En respuesta a mis preguntas sobre los amigos y vecinos de Erik, el
profesor añadió que la panadería en el patio donde trabajaba Ewa había
sido cerrada por los nazis en julio de 1942. Poco después, Ziv adquirió una
pistola en el mercado negro y se unió a la Organización Judía de Combate,
asegurando a todo el mundo que jamás permitiría que los alemanes le
capturaran vivo. Desde entonces he descubierto que, junto con la mayoría
de miembros de esa fuerza de combate, probablemente murió en la
Sublevación del Gueto, que comenzó en enero de 1943.
Ewa y Helena desaparecieron por la misma época en que los nazis
cerraron la panadería, y el profesor Engal perdió todo contacto con ellas. No
obstante, en febrero de 1952, el American Jewish Joint Distribution
Committee me facilitó más datos. Un investigador de esta organización de
auxilio me escribió desde Nueva York, en yiddish, para informarme de que
Ewa y Helena habían viajado en el camión que había partido para Treblinka
el 3 de agosto de 1942. A su llegada habían muerto gaseadas. Mi
corresponsal añadió que Rowy Klaus había sido transportado a Treblinka
días más tarde. A través de un superviviente de ese campo al que conocí
cuando visité Łódź, averigüé que ese verano el joven músico había tocado el
violín con la orquesta del campo, pero que en otoño había enfermado de
tuberculosis y había sido enviado a la cámara de gas.

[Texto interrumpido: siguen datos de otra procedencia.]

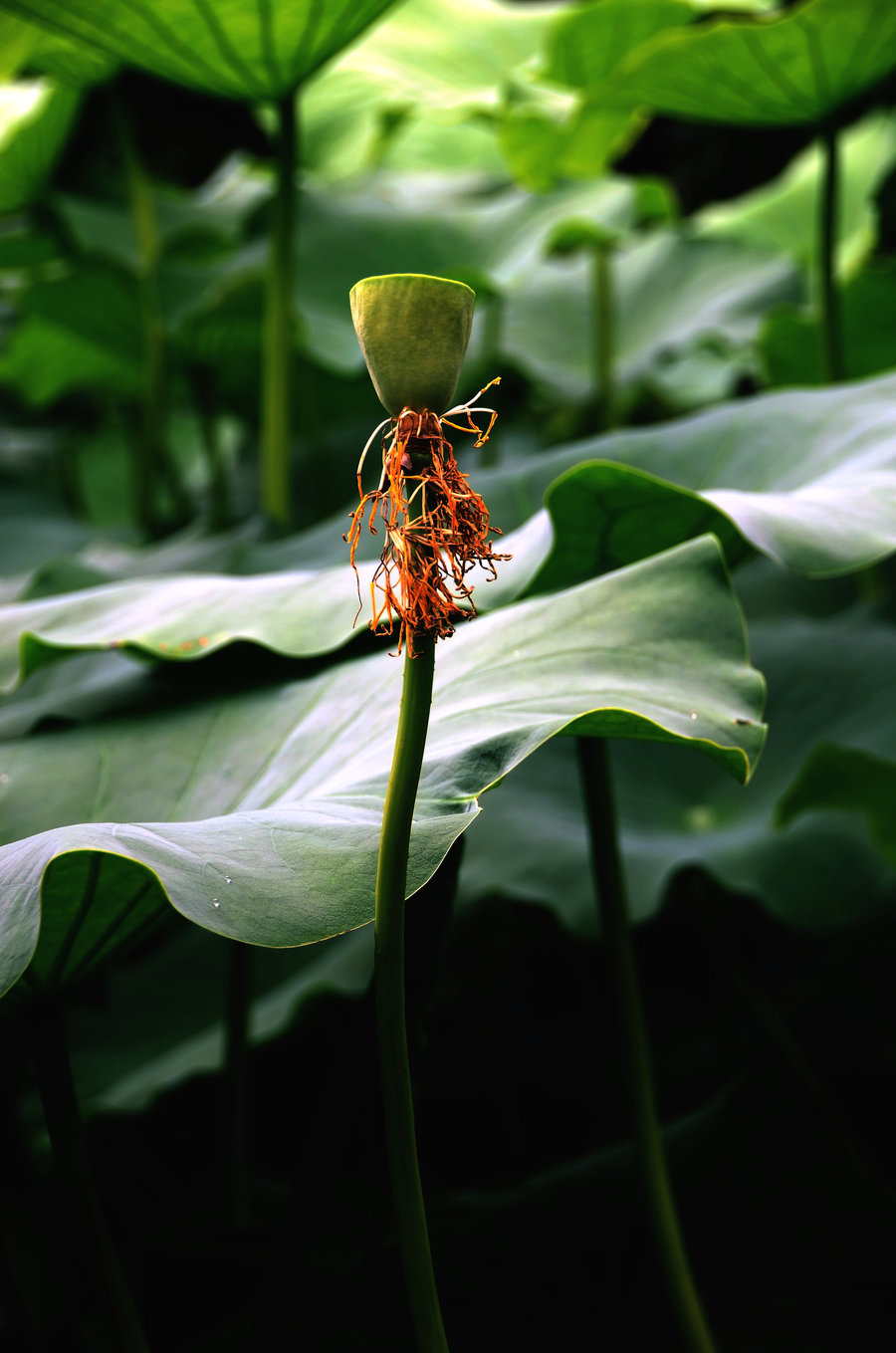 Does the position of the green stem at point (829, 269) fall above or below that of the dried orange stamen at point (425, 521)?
below

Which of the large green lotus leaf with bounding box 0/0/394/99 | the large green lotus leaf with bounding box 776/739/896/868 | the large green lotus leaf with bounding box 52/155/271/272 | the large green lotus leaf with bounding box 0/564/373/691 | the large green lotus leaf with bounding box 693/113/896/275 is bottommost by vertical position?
the large green lotus leaf with bounding box 776/739/896/868

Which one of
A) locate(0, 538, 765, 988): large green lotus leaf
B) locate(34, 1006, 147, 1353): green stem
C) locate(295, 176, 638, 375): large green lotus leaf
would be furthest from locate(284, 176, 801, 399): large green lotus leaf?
locate(34, 1006, 147, 1353): green stem

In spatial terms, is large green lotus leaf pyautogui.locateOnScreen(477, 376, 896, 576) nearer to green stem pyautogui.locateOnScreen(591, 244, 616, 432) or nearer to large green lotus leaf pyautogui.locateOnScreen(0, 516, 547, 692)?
large green lotus leaf pyautogui.locateOnScreen(0, 516, 547, 692)

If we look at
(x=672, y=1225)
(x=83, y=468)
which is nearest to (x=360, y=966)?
(x=672, y=1225)

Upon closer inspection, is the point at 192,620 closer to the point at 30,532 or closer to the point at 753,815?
the point at 753,815

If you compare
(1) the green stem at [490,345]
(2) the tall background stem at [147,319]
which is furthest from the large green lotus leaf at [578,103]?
(2) the tall background stem at [147,319]

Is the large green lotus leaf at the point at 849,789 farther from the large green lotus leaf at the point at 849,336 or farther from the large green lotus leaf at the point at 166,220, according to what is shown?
the large green lotus leaf at the point at 166,220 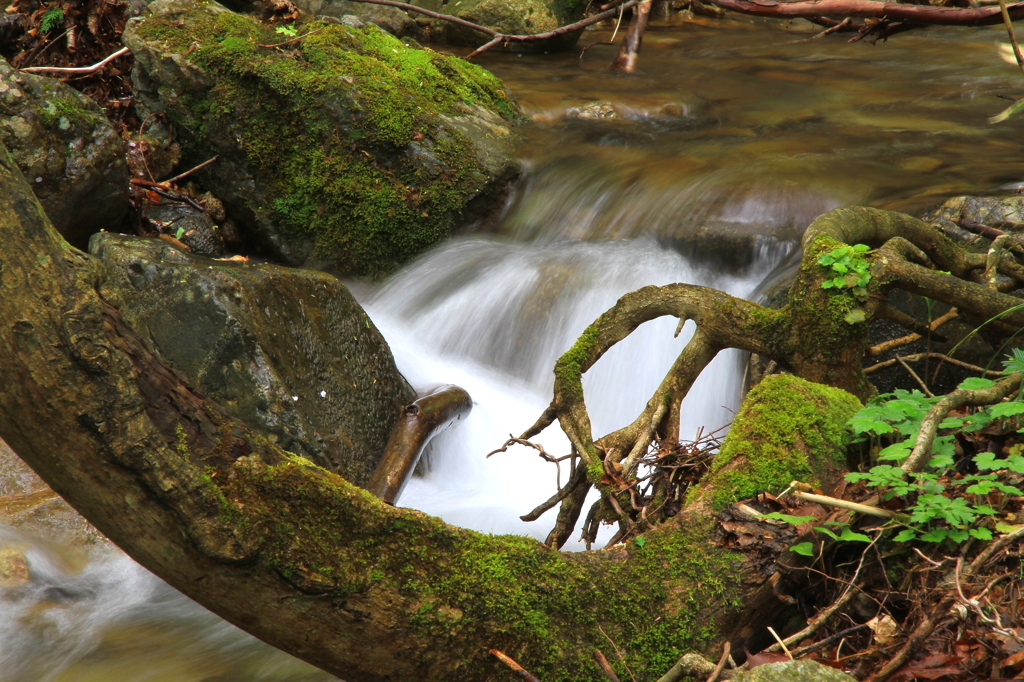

A través de mis indagaciones, he averiguado también que Zachariah
Manberg —el pequeño acróbata al que Erik confiaba en poder salvar—
había logrado ocultarse con su madre y su hermana en la Varsovia cristiana
en diciembre de 1942. Poco después de la liberación, habían viajado a
Canadá. En la actualidad Zachariah estudia Derecho en la Universidad de
Toronto y hemos iniciado una correspondencia.
No he podido averiguar si Bina Minchenberg o Benjamin Schrei
consiguieron sobrevivir. Se han esfumado, como tantos otros.
Izzy era la persona sobre la que tenía más interés en informarme, pero
no pude averiguar su paradero, ni siquiera si estaba vivo. Eran tiempos
duros en Polonia y me fue imposible viajar a Francia para proseguir mis
investigaciones. Me llevó diez años reunir suficientes ahorros y obtener los
papeles necesarios del Gobierno comunista. Por fin, en verano de 1953 me
concedieron la autorización. Convencido de que no era probable que
consiguiera reunir más fondos, hice la maleta y partí.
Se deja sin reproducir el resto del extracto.